Deutschland spart zu wenig Gas: „Eine massive Reduzierung ist unerlässlich“

Gutachter halten Energiesicherheit und Klimaschutz für vereinbar. Dafür müsse aber ein Drittel des bisherigen Gasverbrauchs runter, vor allem im Privatbereich.

Die Menschen in Deutschland müssen sich darauf einstellen, in diesem Winter noch mehr Gas als erwartet einzusparen. Ein Gutachten von verschiedenen renommierten Forschungseinrichtungen für die Bundesregierung kommt zu dem Fazit, dass der Gasverbrauch um ein knappes Drittel gesenkt werden muss, wenn die Füllmengen der Gasspeicher ausreichen sollen. So lasse sich Energiesicherheit gewährleisten und gleichzeitig wäre es möglich, die Klimaziele zu erreichen. Dreh- und Angelpunkt dabei seien Einsparungen beim Gasverbrauch.

„30 Prozent des Gasverbrauchs aus Vorkrisenzeiten müssen runter“, erklärte Gunnar Luderer, Vize-Leiter des Ariadne-Projekts vom Potsdam-Institut für Klimafolgenforschung (PIK). In den Sektoren Gebäude, Industrie und Energiewirtschaft seien massive Einsparungen beim Gasverbrauch unerlässlich, schreiben die Forschenden in der umfassenden Energiestudie.

Nur so lasse sich eine Gas-Mangellage mit Lieferunterbrechungen vermeiden und die Gaspreise und Importabhängigkeiten auf ein erträgliches Maß begrenzen. Dafür müssten vor allem die Privathaushalte sparen, etwa indem sie die Raumtemperatur um ein bis zwei Grad absenken oder auf durchgehendes Heizen verzichten. Bei den privaten Gaskunden verzeichnet die Studie bislang noch keine umfassende Einsparung des Gasverbrauchs.

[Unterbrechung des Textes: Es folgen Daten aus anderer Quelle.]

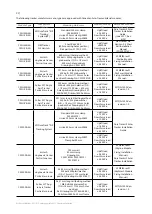 Preview for 22 page of Canadian Solar CS3K-MB-FG Installation Manual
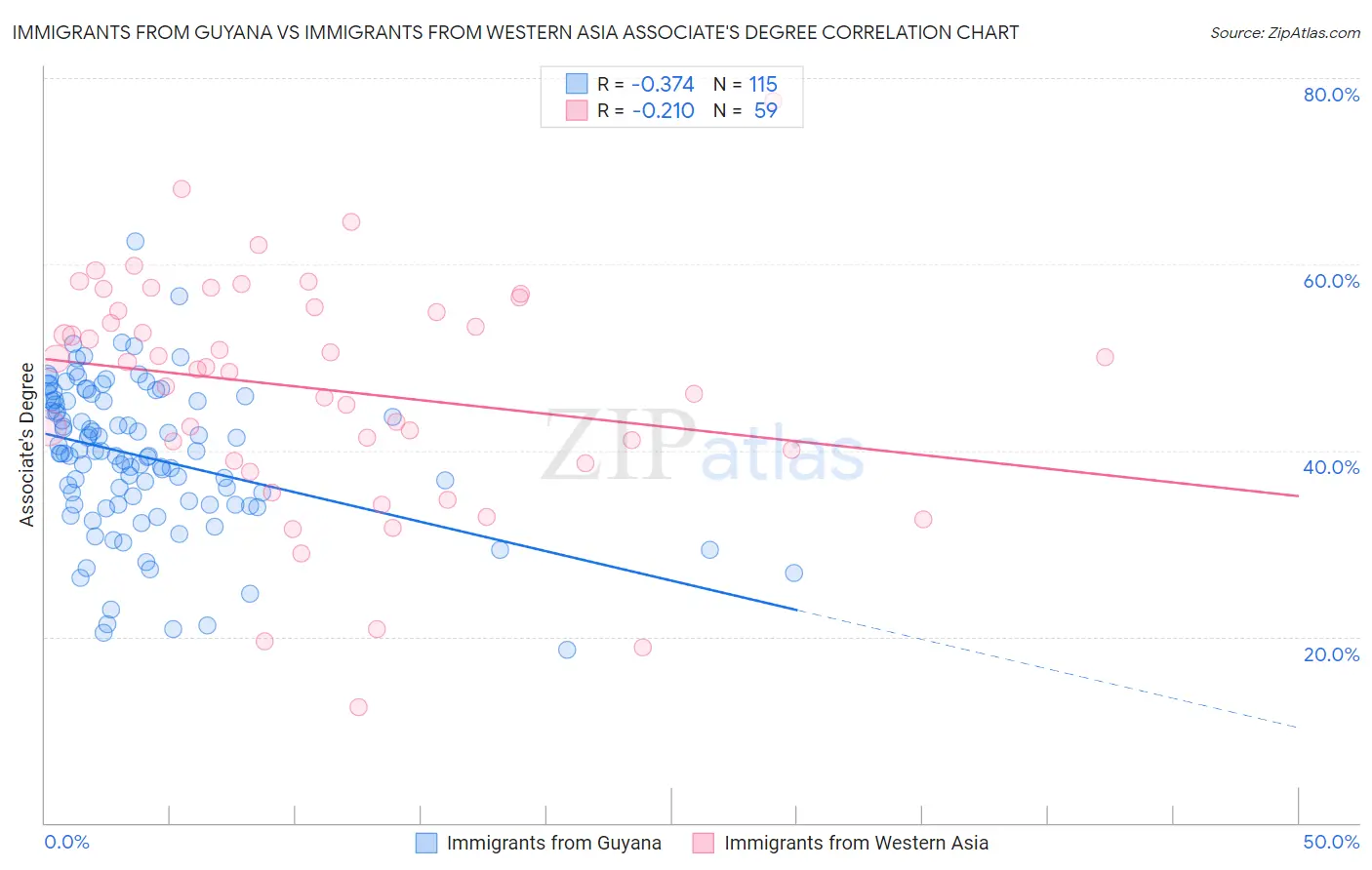 Immigrants from Guyana vs Immigrants from Western Asia Associate's Degree
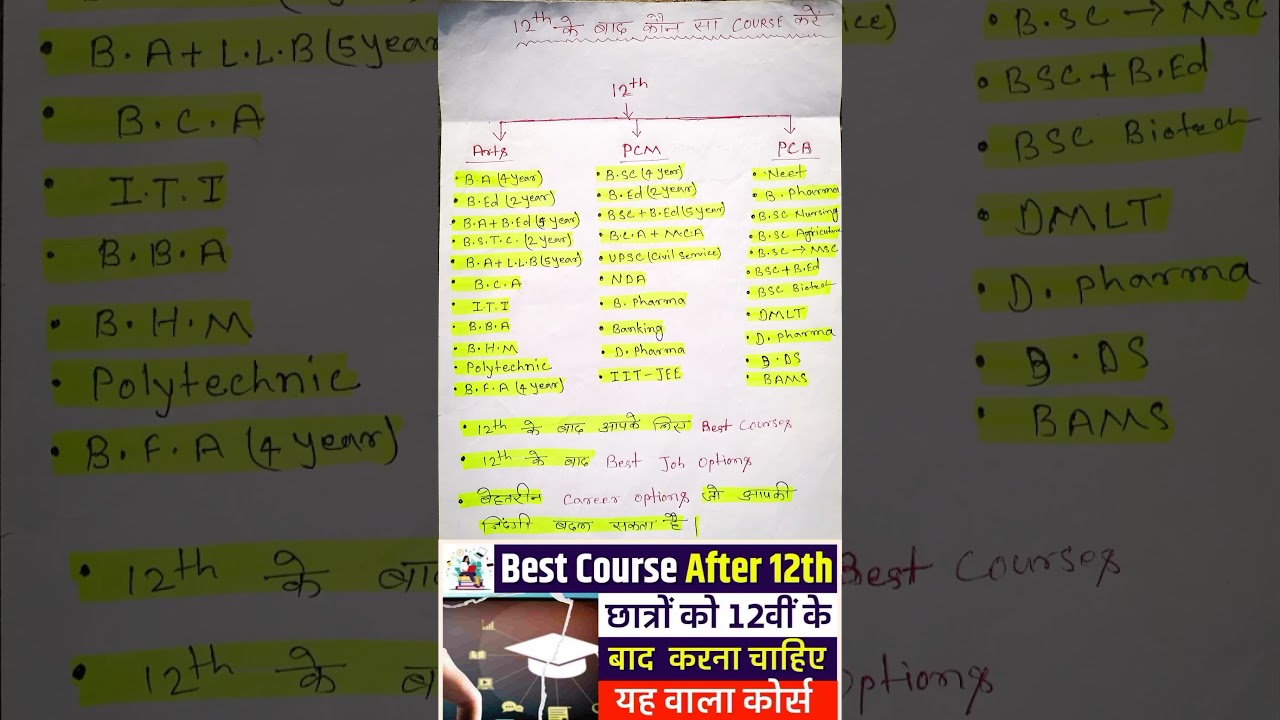 Science Career Options After 12th 🎓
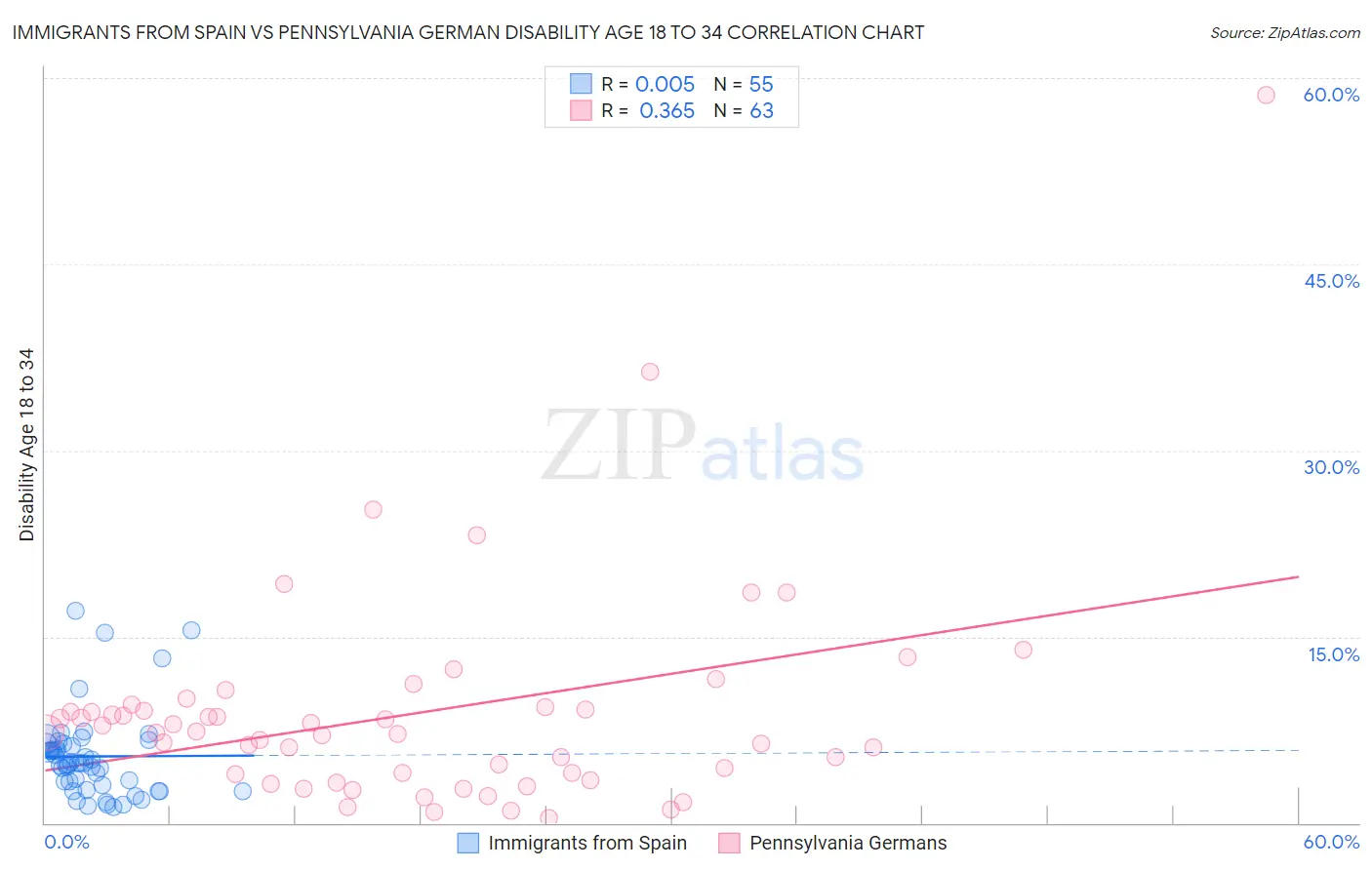 Immigrants from Spain vs Pennsylvania German Disability Age 18 to 34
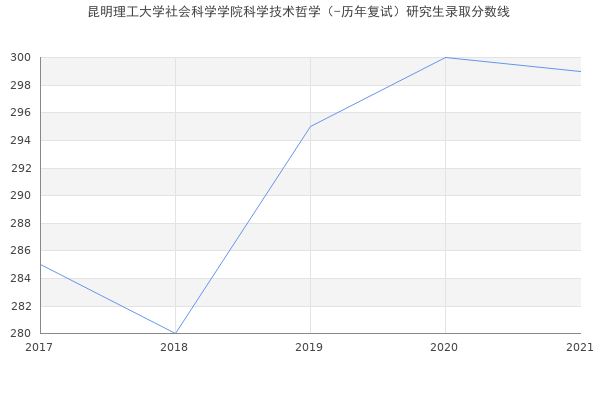 昆明理工大学社会科学学院科学技术哲学（-历年复试）研究生录取分数线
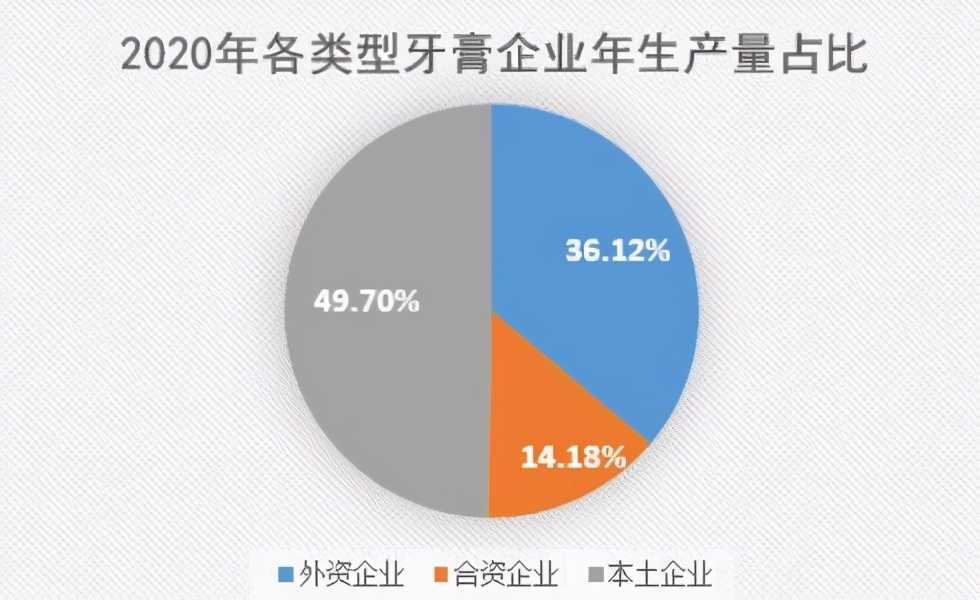 云南白药金口健牙膏怎么样（公认最好用的牙膏）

Die Bundesnetzagentur veröffentlichte am Donnerstag hingegen Daten, denen zufolge der Gasverbrauch in der vergangenen Woche im Vergleich zu den gleichen Kalenderwochen der Jahre 2018 bis 2021 bereits um 27 Prozent gesunken ist - auf 1759 Gigawattstunden pro Tag. Dieser Wert beziehe sich auf den kompletten Gasverbrauch, also inklusive der Industriekonzerne. Blickt man nur auf den Verbrauch der Haushalte und kleineren Firmen, so liegt das Minus sogar bei 31 Prozent auf 608 Gigawattstunden pro Tag.

Die Gasspeicher sind laut Netzagentur sehr gut und schneller als erwartet gefüllt worden. Das Ziel, wonach am 1. November im Schnitt die Speicher um 95 Prozent gefüllt sein sollen, könne bei den derzeitigen Wetter vielleicht sogar übertroffen werden. Zuletzt lag der Füllstand mit 96,49 Prozent über der Zielmarke.

Die Bundesnetzagentur hat als Ziel ausgegeben, 20 Prozent zu sparen. Die Forschergruppe des Ariadne-Projekts ist allerdings der Ansicht, dass das nicht ausreicht - ein Minus von 30 Prozent seien nötig für die Versorgungssicherheit und für den Klimaschutz. 

50
Millionen Tonnen CO2 pro Jahr lasse sich durch Gasreduktion gegenüber dem Mittel von 2017-2021 einsparen 

Die Berechnungen würden zeigen, dass die genannten 30 Prozent Reduktion beim Gasverbrauch „möglich und wichtig“ sind, so der Forschungsverbund. „Kurzfristig ist das der wichtigste Baustein, um Deutschlands Energiesouveränität und geopolitische Resilienz wieder zu erhöhen“, sagte PIK-Forscher Gunnar Luderer.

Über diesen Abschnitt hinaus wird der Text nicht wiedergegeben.